:: Data for this task ::

━━━━━━━━

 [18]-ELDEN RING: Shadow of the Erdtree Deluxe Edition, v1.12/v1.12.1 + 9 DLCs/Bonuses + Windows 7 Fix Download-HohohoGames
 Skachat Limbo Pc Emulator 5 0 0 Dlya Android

━━━━━━━━

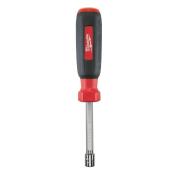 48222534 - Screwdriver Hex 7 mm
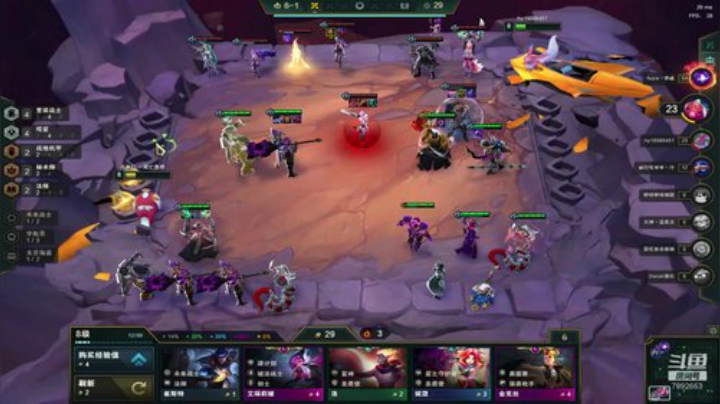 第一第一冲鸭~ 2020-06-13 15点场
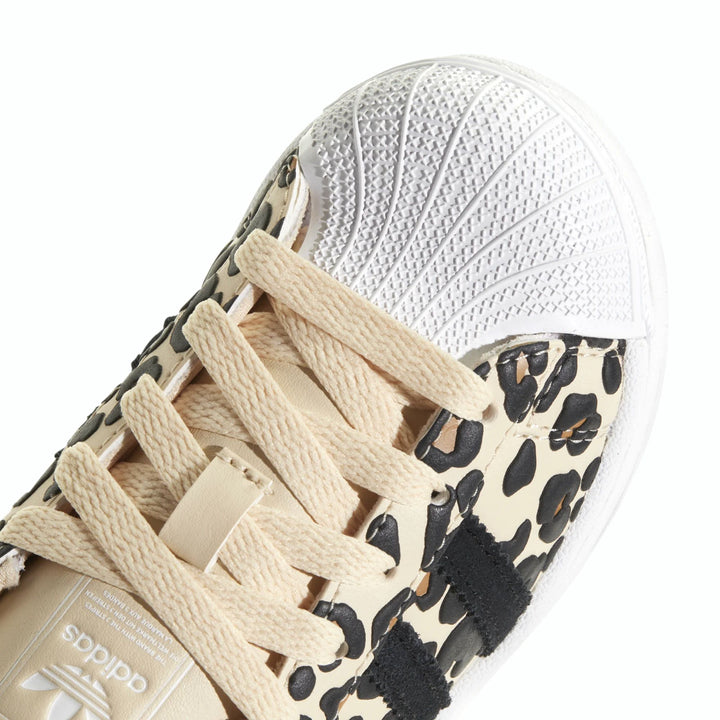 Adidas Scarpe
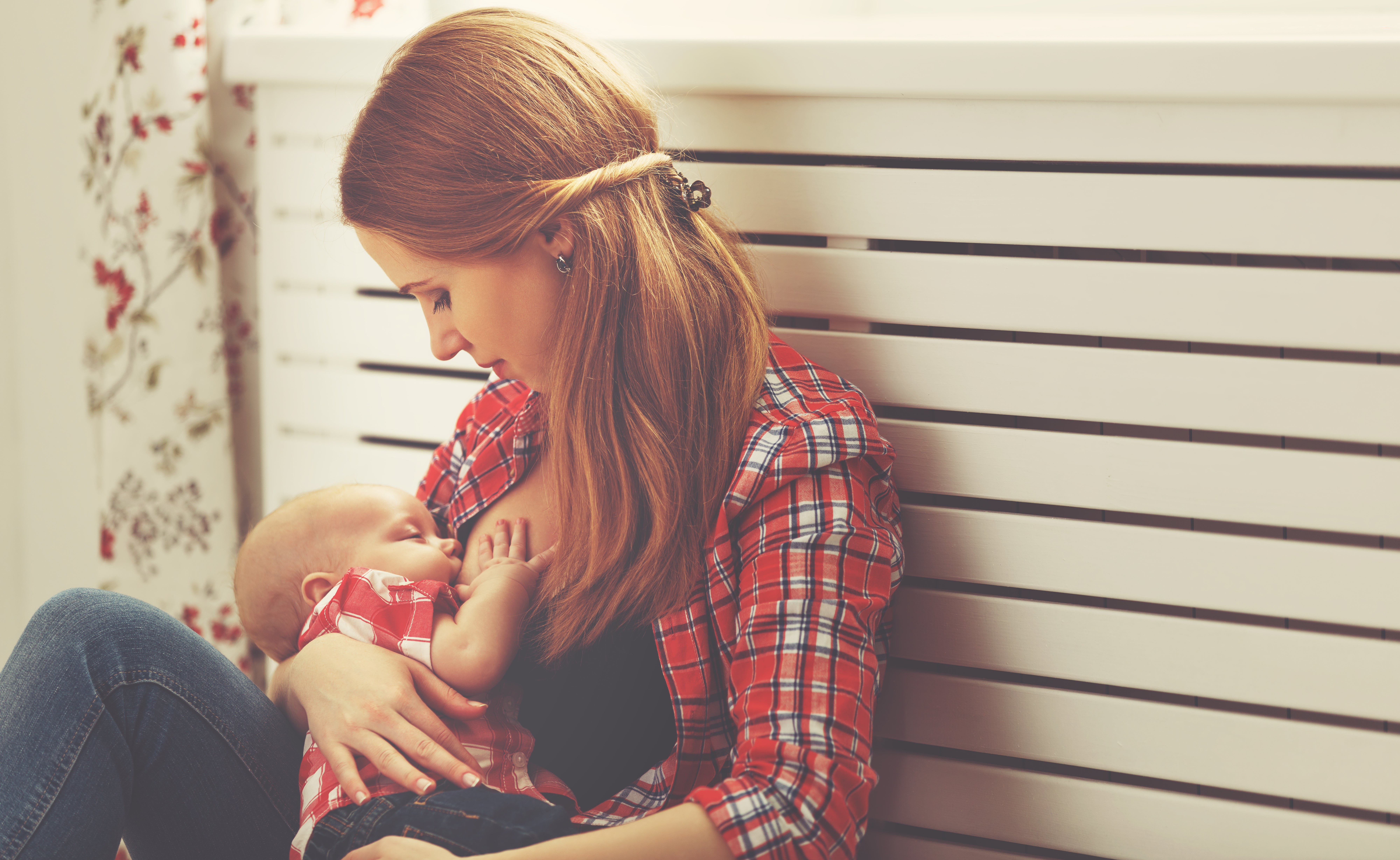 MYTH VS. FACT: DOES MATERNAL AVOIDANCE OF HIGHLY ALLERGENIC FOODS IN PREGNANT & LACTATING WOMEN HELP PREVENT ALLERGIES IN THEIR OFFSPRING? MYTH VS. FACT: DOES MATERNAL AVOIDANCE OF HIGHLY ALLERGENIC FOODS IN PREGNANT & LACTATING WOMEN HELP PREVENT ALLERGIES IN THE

━━━━━━━━

:: Work required ::
The entries above hold the needed span. Transcribe exactly the lines from the one with "[18]-ELDEN RING: Shadow" to the one with "Skachat Limbo Pc Emulator 5 0 0 Dlya Android", both included.

:: Answer box ::
 [18]-ELDEN RING: Shadow of the Erdtree Deluxe Edition, v1.12/v1.12.1 + 9 DLCs/Bonuses + Windows 7 Fix Download-HohohoGames
 Skachat Limbo Pc Emulator 5 0 0 Dlya Android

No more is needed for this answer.